The term “OCD” is often misdiagnosed in someone who has a strict morning routine or a tidy desk.
Having OCD, or obsessive-compulsive disorder, has little to do with your cleaning habits or lack of flexibility and more to do with your ability to handle unpleasant thoughts, says Irina Gorelik, a child psychologist at Williamsburg Therapy Group.
“If any of us get a thought that’s upsetting, we might be able to go through with it,” she says. “But for someone with OCD, it causes a very disturbing response and so they want to engage in a behavior that makes the thought go away.”
Think of the disorder in two parts, Gorelik says:
- Obsession: intrusive thoughts, urges or images that cause distress and are unwanted
- compulsion: the behavior used to reduce the level of stress caused by the obsession
In children, it’s usually easy to diagnose, she says, because it presents in noticeable ways.
Here are two signs that your child may have OCD and tips to support it.
2 signs your child has OCD
They need reassurance about their safety and yours
Your child may repeatedly ask you if he is okay, even if he is not in obvious or immediate danger.

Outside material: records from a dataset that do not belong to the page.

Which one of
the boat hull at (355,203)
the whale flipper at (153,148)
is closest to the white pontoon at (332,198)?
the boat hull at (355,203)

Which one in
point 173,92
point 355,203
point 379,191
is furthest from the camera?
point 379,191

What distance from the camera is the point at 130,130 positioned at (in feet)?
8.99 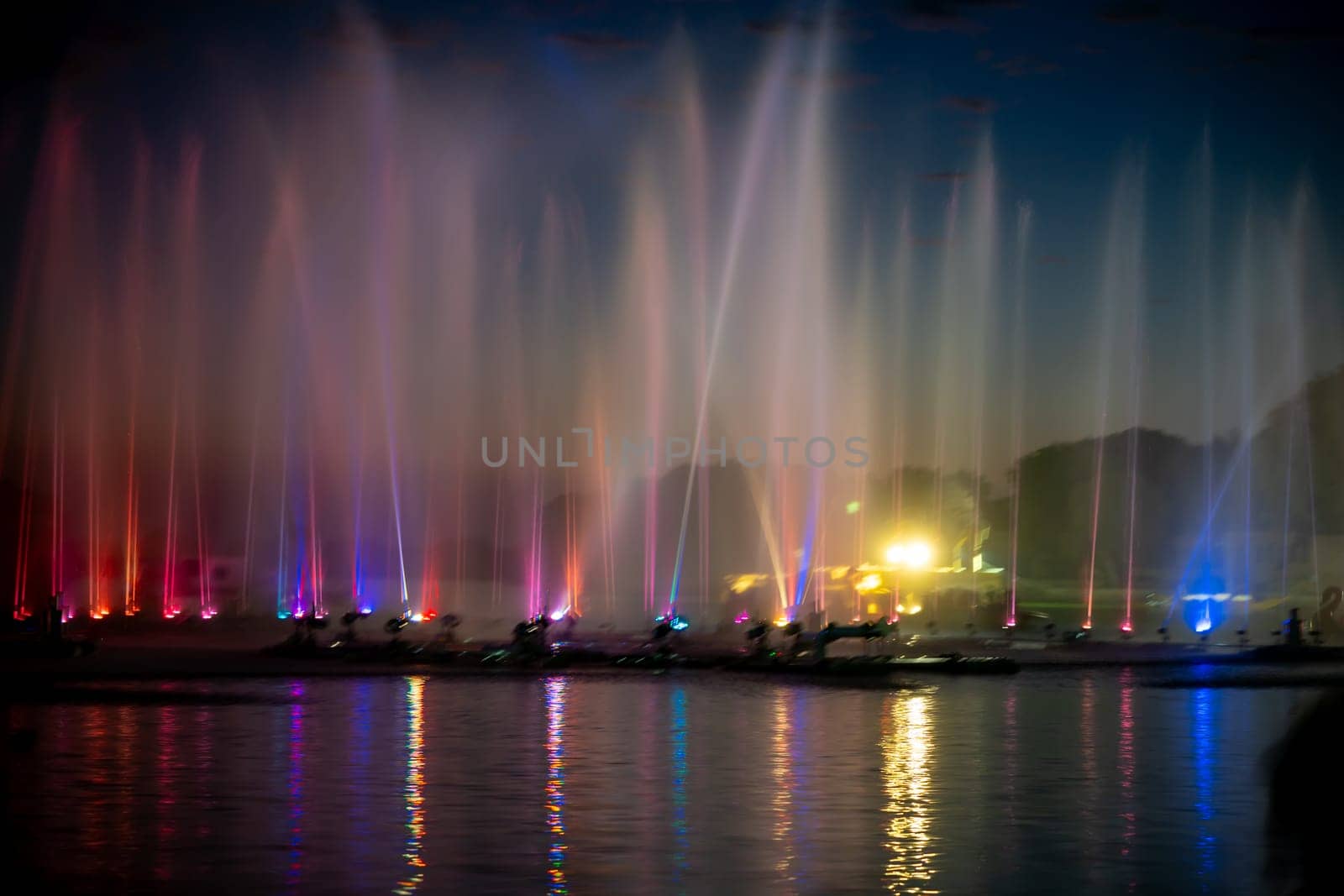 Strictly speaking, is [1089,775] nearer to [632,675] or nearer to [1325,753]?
[1325,753]

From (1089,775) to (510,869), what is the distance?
328 inches

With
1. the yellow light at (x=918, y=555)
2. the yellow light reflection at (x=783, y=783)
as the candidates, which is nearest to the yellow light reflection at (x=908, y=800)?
the yellow light reflection at (x=783, y=783)

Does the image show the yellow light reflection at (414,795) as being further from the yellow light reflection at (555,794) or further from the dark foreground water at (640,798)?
the yellow light reflection at (555,794)

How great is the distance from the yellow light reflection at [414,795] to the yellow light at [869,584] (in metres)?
32.7

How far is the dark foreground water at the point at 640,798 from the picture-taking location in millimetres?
12352

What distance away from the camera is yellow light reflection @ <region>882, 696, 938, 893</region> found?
12.3 m

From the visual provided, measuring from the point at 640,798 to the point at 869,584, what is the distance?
4441cm

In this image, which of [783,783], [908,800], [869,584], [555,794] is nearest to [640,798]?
[555,794]

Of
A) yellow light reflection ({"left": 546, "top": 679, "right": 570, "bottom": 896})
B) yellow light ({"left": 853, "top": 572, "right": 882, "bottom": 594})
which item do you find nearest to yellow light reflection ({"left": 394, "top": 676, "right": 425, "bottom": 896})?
yellow light reflection ({"left": 546, "top": 679, "right": 570, "bottom": 896})

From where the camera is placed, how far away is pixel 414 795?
53.4 ft

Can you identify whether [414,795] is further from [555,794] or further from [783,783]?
[783,783]

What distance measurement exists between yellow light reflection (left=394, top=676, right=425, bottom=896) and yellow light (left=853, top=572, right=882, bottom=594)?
1288 inches

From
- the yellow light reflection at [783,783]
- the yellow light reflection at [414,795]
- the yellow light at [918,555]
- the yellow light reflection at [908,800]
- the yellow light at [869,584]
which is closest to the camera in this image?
the yellow light reflection at [414,795]

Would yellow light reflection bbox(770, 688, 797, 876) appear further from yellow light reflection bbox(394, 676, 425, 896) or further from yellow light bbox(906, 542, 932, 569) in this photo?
yellow light bbox(906, 542, 932, 569) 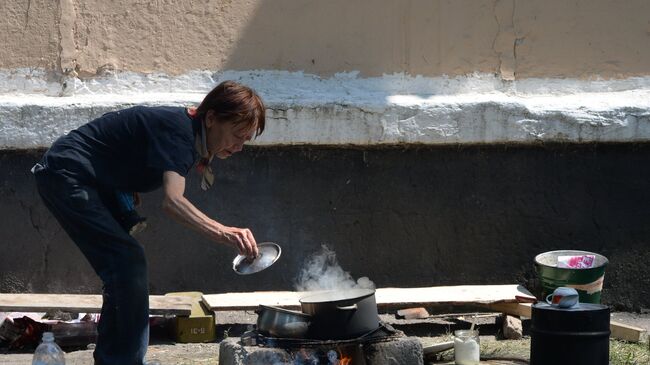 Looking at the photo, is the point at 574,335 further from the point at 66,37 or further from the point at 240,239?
the point at 66,37

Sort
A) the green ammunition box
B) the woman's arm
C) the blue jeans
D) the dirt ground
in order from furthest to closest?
the green ammunition box < the dirt ground < the blue jeans < the woman's arm

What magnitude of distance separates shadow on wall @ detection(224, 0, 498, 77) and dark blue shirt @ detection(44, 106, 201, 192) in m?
2.49

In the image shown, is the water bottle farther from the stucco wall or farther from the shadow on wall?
the shadow on wall

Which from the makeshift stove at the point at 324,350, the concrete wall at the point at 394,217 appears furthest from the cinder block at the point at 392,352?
the concrete wall at the point at 394,217

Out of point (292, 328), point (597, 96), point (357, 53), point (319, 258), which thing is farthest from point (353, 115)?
point (292, 328)

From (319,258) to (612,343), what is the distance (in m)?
2.10

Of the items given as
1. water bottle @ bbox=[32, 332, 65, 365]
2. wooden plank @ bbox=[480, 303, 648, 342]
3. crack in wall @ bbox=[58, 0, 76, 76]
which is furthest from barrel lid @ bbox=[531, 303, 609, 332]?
crack in wall @ bbox=[58, 0, 76, 76]

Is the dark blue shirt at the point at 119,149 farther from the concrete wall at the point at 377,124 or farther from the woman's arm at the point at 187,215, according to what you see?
the concrete wall at the point at 377,124

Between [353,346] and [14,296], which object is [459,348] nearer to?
[353,346]

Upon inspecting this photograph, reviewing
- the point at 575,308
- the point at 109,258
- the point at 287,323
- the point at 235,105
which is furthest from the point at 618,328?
the point at 109,258

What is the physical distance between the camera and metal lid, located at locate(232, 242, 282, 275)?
483 cm

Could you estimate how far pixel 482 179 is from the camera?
7.36 m

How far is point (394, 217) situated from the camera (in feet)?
24.1

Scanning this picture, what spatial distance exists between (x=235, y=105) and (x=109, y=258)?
0.97 meters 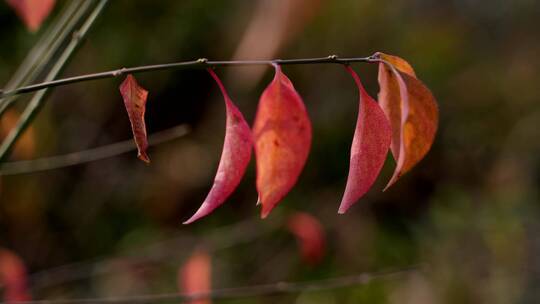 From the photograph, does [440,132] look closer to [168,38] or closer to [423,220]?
[423,220]

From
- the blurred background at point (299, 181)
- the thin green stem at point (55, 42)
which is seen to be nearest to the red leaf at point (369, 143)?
the thin green stem at point (55, 42)

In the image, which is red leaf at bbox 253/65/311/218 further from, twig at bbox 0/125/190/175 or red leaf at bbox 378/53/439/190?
twig at bbox 0/125/190/175

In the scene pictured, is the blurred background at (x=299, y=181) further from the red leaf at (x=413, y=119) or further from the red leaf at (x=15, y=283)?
the red leaf at (x=413, y=119)

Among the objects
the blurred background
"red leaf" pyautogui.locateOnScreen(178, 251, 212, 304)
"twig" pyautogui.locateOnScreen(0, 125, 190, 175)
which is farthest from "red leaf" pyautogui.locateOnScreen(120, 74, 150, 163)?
the blurred background

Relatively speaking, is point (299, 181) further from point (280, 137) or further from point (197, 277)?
point (280, 137)

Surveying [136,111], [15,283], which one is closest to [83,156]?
[15,283]

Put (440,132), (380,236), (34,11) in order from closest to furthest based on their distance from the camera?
(34,11)
(380,236)
(440,132)

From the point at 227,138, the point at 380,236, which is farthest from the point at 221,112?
the point at 227,138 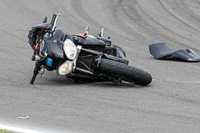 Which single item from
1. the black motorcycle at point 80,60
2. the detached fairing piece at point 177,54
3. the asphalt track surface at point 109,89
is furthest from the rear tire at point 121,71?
the detached fairing piece at point 177,54

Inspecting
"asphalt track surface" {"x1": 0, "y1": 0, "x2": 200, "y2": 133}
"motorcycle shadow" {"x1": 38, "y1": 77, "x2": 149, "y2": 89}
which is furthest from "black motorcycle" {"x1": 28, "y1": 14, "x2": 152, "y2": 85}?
"asphalt track surface" {"x1": 0, "y1": 0, "x2": 200, "y2": 133}

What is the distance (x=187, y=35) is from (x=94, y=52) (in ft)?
25.3

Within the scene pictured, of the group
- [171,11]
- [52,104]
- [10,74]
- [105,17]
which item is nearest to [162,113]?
[52,104]

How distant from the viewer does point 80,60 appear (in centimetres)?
863

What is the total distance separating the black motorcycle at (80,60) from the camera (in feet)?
27.3

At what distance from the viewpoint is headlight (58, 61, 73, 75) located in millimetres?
8328

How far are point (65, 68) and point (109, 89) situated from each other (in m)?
0.94

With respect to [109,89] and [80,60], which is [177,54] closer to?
[109,89]

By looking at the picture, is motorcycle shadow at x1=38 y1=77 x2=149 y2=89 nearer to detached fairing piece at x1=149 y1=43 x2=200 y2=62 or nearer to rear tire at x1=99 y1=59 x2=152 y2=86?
rear tire at x1=99 y1=59 x2=152 y2=86

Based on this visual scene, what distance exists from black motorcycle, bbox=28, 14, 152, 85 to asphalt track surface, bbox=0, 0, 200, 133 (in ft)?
0.77

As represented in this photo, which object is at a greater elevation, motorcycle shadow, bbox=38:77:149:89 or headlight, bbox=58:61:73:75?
headlight, bbox=58:61:73:75

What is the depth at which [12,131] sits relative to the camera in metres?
5.61

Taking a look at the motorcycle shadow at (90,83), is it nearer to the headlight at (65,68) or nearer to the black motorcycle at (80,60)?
the black motorcycle at (80,60)

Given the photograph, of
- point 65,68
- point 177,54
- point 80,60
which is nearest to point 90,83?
point 80,60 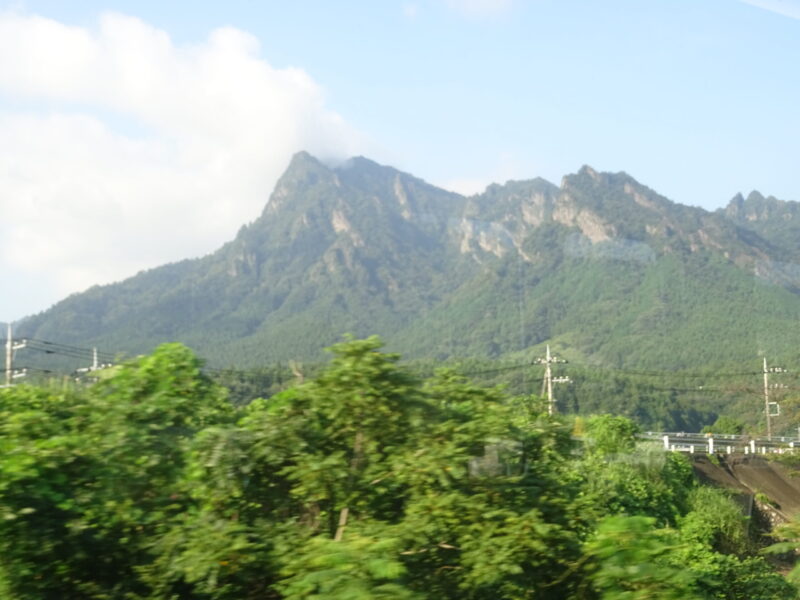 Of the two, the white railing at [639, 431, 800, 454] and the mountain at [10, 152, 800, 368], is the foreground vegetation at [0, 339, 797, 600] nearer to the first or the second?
the white railing at [639, 431, 800, 454]

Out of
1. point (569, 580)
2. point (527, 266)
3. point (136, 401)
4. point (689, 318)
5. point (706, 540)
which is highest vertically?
point (527, 266)

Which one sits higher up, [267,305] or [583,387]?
[267,305]

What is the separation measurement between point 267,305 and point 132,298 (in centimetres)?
2434

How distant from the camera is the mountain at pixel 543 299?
4405 inches

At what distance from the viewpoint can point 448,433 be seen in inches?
197

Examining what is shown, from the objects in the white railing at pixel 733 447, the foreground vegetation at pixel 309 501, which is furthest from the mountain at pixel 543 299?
the foreground vegetation at pixel 309 501

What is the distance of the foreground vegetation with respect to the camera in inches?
168

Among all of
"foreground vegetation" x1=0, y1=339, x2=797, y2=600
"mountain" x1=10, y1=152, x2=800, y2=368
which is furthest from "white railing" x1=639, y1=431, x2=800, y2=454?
"mountain" x1=10, y1=152, x2=800, y2=368

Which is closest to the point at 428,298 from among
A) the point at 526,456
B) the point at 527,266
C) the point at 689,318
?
the point at 527,266

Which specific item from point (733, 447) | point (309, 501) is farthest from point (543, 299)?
point (309, 501)

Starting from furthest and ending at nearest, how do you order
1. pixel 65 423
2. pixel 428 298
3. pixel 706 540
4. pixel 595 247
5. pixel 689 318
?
pixel 428 298
pixel 595 247
pixel 689 318
pixel 706 540
pixel 65 423

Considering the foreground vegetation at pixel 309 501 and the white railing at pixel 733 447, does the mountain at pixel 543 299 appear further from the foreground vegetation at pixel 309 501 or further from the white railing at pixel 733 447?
the foreground vegetation at pixel 309 501

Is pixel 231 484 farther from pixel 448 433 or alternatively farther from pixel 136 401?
pixel 448 433

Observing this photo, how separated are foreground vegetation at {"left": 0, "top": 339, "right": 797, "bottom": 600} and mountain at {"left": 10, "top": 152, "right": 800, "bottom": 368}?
81.2 metres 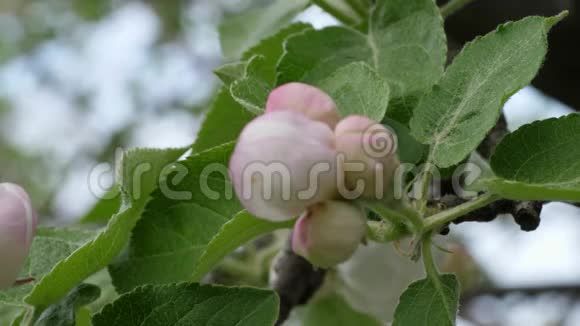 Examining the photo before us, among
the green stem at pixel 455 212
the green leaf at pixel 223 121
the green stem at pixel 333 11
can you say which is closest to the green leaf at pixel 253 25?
the green stem at pixel 333 11

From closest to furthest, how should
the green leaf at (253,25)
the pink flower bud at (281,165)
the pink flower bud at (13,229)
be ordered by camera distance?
the pink flower bud at (281,165) → the pink flower bud at (13,229) → the green leaf at (253,25)

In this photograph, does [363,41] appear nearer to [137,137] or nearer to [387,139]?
[387,139]

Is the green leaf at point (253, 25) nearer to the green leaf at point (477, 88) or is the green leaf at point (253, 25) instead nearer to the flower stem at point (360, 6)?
the flower stem at point (360, 6)

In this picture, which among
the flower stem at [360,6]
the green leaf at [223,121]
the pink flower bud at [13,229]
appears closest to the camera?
the pink flower bud at [13,229]

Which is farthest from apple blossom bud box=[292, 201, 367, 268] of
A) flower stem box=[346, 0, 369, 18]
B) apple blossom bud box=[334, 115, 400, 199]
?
flower stem box=[346, 0, 369, 18]

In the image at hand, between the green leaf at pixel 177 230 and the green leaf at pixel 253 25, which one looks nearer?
the green leaf at pixel 177 230

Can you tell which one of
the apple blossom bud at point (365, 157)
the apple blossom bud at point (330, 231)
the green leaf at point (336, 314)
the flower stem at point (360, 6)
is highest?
the apple blossom bud at point (365, 157)

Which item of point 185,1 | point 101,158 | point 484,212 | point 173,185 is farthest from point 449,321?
point 185,1

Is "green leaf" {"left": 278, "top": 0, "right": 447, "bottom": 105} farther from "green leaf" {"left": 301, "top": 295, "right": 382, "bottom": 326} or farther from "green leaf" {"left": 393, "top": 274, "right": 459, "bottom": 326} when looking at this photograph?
"green leaf" {"left": 301, "top": 295, "right": 382, "bottom": 326}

The same goes for their loved ones.
“I’ve had patients who were afraid something bad might happen to their families, so the compulsion is to check in with their families repeatedly,” she says. “They may say ‘I love you’, but not in a normal way, in a way that feels like they… need to say it.”
Some other symptoms to watch out for are:
- Fear of germs and compulsive hand washing
- Constant worry about getting sick
- Excessive affection. For example, they don’t want to go to a sleepover because they think something could happen to you or them if you’re not together
They need reassurance that they haven’t hurt anyone
Just as a child with OCD may worry about hurting themselves or their family, they may also worry that they have hurt others.
Some specific symptoms may include:
- Confess a bad thought, such as curse or hurt someone.
- Asking “Do you still love me?” repeatedly
I’ve had patients worried that something bad might happen to their family, so the compulsion is to check in with their family repeatedly.
Irina Gorelik
child psychologist
Some Parents Even Feed OCD Anxiety
For diagnosis, Gorelik says these obsessions and compulsions are typically time-consuming. They can take an hour or more per day.
The compulsion acts as a “band-aid” over the obsession, Gorelik says. And as a parent, you may want to comfort your child.
“It may come naturally for parents to reassure your kids and say, ‘You’re not hurt, no one is hurting you,’ but that actually feeds the fear,” she says.
It would be more helpful to tell your child that worrying is normal and that you can sit with that worry and choose not to be compulsive.
For example, if you think that your parents might be in danger, it clearly causes fear. But that doesn’t mean you have to call your parents every 10 minutes. Let the feeling pass.
“Learn to sit with the thoughts and tolerate the thoughts,” she says.